Second off, this is not a convenient place to live for you and that commute is going to jeopardize your relationship. For a few months while I waited for a lease to end I had a commute that long and it was horrendous. I fought with my boyfriend all the time, was tired, had no free time, and it made me despise my job. 1.5 hours means 3 hours a day, 15 hours a week you have to spend commuting.

Third off, you haven't even encountered the substantial part of the cost and he's already trying to shove all the costs on you. It sounds like he's been pressuring you to buy a house with him so he can use you financially. He has no savings, so he's using yours. You said yourself his living expenses would decrease from this, and he'd get to move closer to work. Meanwhile, he hasn't contributed a single penny and is putting you in a highly awkward position to plead with him for money.

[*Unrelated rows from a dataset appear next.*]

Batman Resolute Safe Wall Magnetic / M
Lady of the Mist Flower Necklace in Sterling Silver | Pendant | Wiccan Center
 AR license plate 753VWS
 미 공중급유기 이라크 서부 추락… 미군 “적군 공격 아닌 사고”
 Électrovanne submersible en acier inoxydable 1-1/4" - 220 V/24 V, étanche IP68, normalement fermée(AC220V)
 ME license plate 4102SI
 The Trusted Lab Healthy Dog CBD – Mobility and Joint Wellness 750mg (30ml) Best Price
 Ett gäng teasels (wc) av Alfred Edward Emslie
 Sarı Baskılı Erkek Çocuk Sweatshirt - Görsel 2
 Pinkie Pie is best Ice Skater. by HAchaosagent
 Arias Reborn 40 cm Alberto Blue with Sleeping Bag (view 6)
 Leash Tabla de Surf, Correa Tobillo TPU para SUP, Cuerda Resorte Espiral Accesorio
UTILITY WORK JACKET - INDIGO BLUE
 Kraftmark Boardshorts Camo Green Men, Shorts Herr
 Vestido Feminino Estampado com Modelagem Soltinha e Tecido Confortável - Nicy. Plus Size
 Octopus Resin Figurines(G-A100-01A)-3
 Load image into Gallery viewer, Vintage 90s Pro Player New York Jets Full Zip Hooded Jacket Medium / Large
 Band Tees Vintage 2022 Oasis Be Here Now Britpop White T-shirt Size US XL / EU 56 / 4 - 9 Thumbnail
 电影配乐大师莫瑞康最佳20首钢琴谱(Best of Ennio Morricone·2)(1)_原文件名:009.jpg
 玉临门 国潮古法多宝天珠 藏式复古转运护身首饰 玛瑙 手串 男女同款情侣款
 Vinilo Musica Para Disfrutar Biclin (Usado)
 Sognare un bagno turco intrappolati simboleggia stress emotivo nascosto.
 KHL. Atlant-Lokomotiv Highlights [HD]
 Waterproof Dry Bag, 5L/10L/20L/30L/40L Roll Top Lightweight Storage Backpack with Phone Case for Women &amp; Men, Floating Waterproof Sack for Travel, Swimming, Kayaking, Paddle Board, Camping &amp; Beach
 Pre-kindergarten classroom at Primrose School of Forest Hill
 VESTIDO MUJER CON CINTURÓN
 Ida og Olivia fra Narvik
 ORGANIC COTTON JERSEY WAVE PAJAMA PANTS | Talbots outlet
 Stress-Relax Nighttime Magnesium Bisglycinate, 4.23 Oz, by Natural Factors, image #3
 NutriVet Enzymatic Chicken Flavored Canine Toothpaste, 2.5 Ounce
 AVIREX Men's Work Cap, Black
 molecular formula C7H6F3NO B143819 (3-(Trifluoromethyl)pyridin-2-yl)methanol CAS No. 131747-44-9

I think this is a HUGE mistake to buy a house with this man. He sounds irresponsible and like he's using you to solve his financial problems. Not your whole relationship necessarily, but this whole "if you loved me you'd spend all your savings on me" thing is not ok. Keep your savings, don't waste them. I guarantee you if you buy a house with him you are going to wind up in a messy legal battle to try to get your fair share back when you break up over money.

If everything else is fine and you want to try living with him, that's fine, but get a lease. Don't buy something with him. He has not shown that he can responsibly handle it.